RECORDS FOR THIS TASK:
>>>>

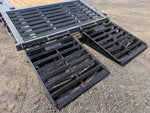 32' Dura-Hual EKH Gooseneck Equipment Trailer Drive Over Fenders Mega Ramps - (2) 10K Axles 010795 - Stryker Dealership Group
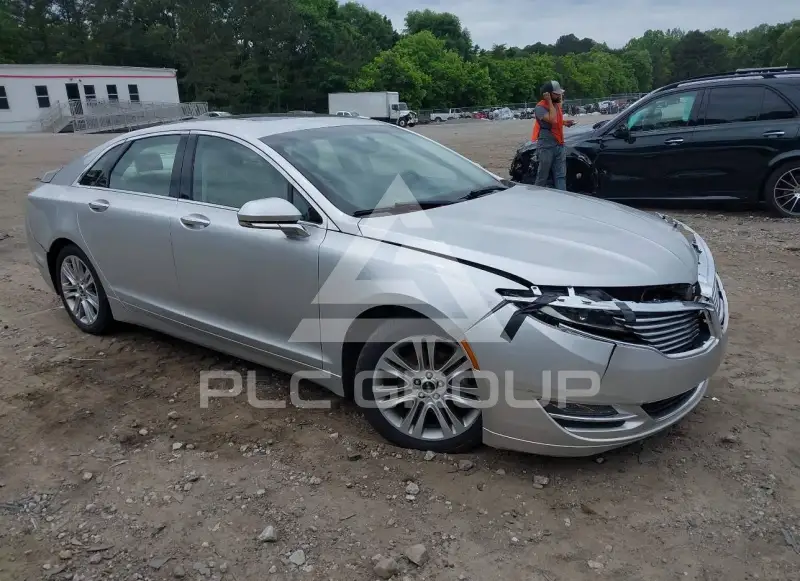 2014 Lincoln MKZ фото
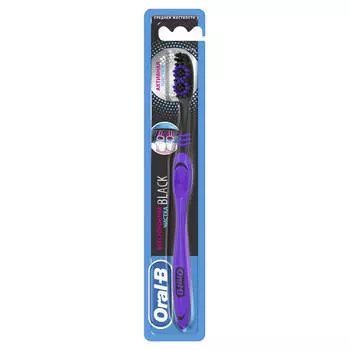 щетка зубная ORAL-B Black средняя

<<<<
>>>>

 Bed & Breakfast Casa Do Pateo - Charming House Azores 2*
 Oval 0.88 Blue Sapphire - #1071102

<<<<
>>>>

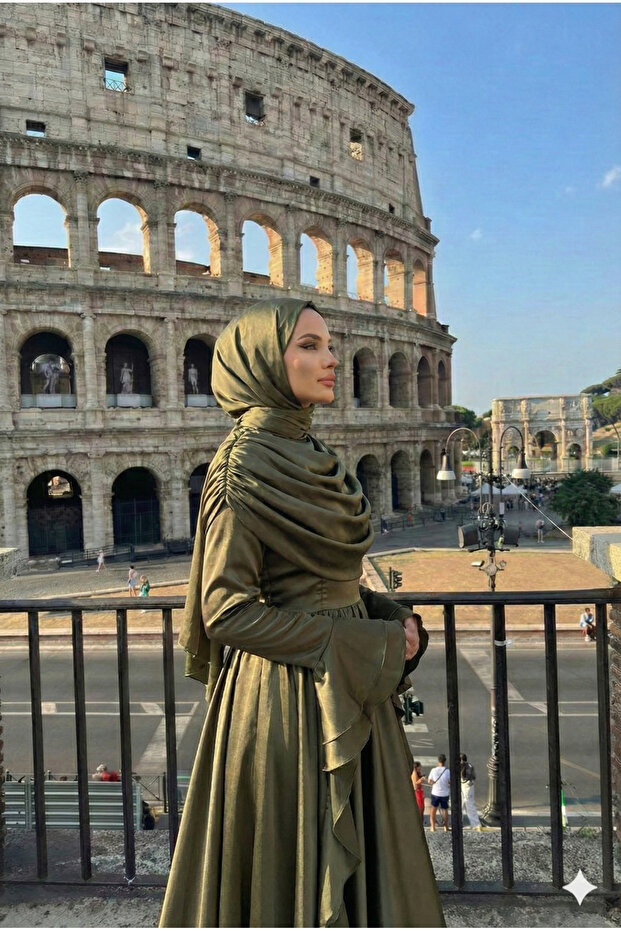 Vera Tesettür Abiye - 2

<<<<

TO DO:
Copy only what runs above from the line containing "32' Dura-Hual EKH" through the line containing "щетка зубная ORAL-B Black средняя", exactly. Leave out the pictures.

TASK SOLUTION:
 32' Dura-Hual EKH Gooseneck Equipment Trailer Drive Over Fenders Mega Ramps - (2) 10K Axles 010795 - Stryker Dealership Group
 2014 Lincoln MKZ фото
 щетка зубная ORAL-B Black средняя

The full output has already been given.